I’ve been playing quite a bit of Trackmania Nations recently and it’s pretty good fun. Half of the formula is its simplicity (4 keys is all you need) and its arcade aspect (i.e. if something happens that costs you the race, it is always something you could have avoided and hence spurs you to try again.) It’s those attributes that make it a fun game to just download and play. That’s not to say it doesn’t have its faults, but compared to BF2 it’s like pure gaming heaven.

Inevitably, I couldn’t resist the temptation of putting together my own track or two. After a couple of real dirty system crashes I finally remembered to save my creation (in its third incarnation) and finally had something worth playing.

It then dawned on me that the 30 minutes I had spent making the track was surprisingly similar to the 30 or so hours I might spend putting together a map. Very similar…

From the start I had a basic idea - loops that intermingle with straight road going right through them. Very simple. They were the bits I did first, along with a basic starting piece of road to get to them. This would be akin to making the major landmark in say, a CS map. As marketing folk might call it, ‘creating the brand/identity’.

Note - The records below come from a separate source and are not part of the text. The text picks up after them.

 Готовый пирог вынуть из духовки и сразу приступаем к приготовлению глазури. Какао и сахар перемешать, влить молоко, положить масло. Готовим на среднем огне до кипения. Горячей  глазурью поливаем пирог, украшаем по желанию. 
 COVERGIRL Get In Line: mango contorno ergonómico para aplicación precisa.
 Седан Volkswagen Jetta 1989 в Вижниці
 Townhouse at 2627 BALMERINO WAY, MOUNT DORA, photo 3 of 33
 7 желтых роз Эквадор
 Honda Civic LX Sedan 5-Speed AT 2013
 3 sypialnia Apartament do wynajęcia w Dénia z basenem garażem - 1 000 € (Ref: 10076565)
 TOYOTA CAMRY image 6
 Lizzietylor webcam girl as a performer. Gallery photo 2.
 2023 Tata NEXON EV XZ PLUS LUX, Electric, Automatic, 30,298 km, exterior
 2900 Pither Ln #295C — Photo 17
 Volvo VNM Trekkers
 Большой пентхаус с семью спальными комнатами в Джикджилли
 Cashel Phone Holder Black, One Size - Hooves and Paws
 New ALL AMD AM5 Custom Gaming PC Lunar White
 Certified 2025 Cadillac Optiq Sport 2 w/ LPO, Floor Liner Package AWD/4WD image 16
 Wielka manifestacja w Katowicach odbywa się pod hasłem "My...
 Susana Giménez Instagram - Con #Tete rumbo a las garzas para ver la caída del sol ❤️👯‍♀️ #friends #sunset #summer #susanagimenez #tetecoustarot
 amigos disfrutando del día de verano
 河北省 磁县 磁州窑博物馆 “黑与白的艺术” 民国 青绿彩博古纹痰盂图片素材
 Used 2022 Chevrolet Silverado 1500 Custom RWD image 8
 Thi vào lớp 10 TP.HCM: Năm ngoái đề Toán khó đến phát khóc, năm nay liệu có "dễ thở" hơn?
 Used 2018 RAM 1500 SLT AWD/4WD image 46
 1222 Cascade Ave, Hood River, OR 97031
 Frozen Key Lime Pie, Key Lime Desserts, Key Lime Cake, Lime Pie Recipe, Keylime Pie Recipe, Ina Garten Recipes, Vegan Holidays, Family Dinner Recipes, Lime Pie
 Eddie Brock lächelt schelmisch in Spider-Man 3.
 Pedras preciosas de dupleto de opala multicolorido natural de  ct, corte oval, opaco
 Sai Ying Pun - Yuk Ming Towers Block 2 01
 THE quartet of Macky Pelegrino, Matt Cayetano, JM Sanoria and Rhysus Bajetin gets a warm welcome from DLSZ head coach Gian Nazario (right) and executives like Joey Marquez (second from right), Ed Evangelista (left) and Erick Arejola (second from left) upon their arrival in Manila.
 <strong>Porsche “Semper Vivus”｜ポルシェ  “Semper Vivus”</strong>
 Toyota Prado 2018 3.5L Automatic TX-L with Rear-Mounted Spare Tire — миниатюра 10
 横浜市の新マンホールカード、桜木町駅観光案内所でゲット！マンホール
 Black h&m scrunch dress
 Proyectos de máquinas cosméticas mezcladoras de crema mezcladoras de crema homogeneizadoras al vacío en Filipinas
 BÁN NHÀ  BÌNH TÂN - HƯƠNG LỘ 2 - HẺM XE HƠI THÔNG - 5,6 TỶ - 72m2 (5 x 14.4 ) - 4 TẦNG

Then the bit where you try to work out where to take this landmark and start to tie off the ends. The aim here is to keep adding interesting stuff but without taking the focus from the landmark itself. This is typically the ‘dip’ of a map, where the real engineering comes into it, weighing up possibilities and consequences. A bit draining and disappointing but that’s alright.

Finally comes a lot of tweaking for the last 10 minutes. This has the most surprisingly similarity when it comes to flow. Just like the player in a DM map (for example), you need to keep the path for the car ‘clean’ and appropriate. Of course the gameplay has fundamental differences, but the concepts remain, and you need to predict the most tempting racing line for players and adjust the track for it. You can use the motion and views of the track to give the player a preview of what’s to come, and to use trackside furniture and props to give hints. All have parallels to FPS mapping.

…and finally, with the track ready, you realise that for every minute you spent putting it together, about an hour would have passed putting together a map. Both have landmarks and hopefully a unique identity. Both have surrounding material that supports the gameplay and its focus. Finally both are fun for new and experienced players (there’s always something new to try.)

That’s not to say the best FPS level designer on the planet would create the best tracks on the planet, but there enough parallels there to give them the upper hand. Game design and indeed design in general really does transfer between genres after all!